(Brief descriptive captions)
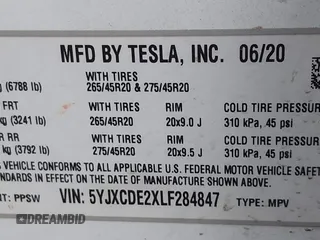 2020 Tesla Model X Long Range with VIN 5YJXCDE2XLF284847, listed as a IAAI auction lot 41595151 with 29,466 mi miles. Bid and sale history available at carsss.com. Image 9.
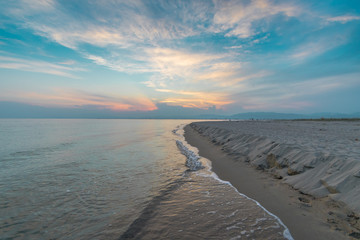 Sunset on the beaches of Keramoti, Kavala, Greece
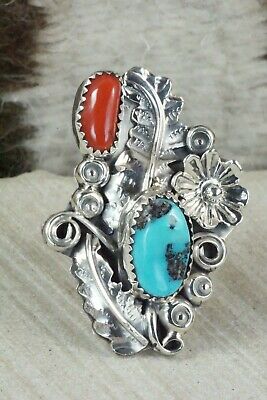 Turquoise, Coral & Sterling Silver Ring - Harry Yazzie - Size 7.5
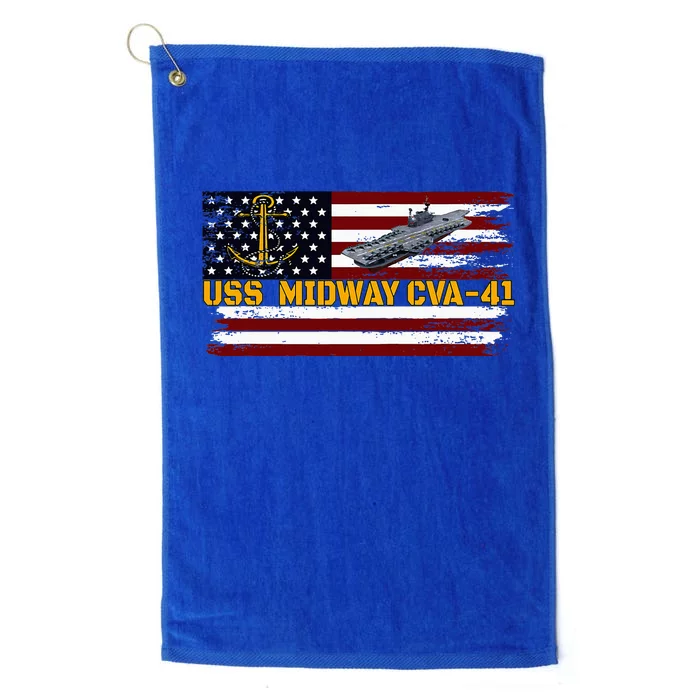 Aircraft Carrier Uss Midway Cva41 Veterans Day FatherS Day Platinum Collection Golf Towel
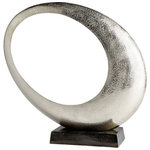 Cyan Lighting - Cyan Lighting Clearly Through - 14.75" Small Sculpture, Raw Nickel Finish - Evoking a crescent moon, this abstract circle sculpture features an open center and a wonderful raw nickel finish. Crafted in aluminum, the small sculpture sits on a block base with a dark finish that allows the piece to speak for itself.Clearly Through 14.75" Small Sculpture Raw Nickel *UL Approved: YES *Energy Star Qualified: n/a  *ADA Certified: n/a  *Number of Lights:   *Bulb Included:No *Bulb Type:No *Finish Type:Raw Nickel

* [The task]: Each line above should be printed again exactly, though the pictures should not be.

* [Output below]:
 2020 Tesla Model X Long Range with VIN 5YJXCDE2XLF284847, listed as a IAAI auction lot 41595151 with 29,466 mi miles. Bid and sale history available at carsss.com. Image 9.
 Sunset on the beaches of Keramoti, Kavala, Greece
 Turquoise, Coral & Sterling Silver Ring - Harry Yazzie - Size 7.5
 Aircraft Carrier Uss Midway Cva41 Veterans Day FatherS Day Platinum Collection Golf Towel
 Cyan Lighting - Cyan Lighting Clearly Through - 14.75" Small Sculpture, Raw Nickel Finish - Evoking a crescent moon, this abstract circle sculpture features an open center and a wonderful raw nickel finish. Crafted in aluminum, the small sculpture sits on a block base with a dark finish that allows the piece to speak for itself.Clearly Through 14.75" Small Sculpture Raw Nickel *UL Approved: YES *Energy Star Qualified: n/a  *ADA Certified: n/a  *Number of Lights:   *Bulb Included:No *Bulb Type:No *Finish Type:Raw Nickel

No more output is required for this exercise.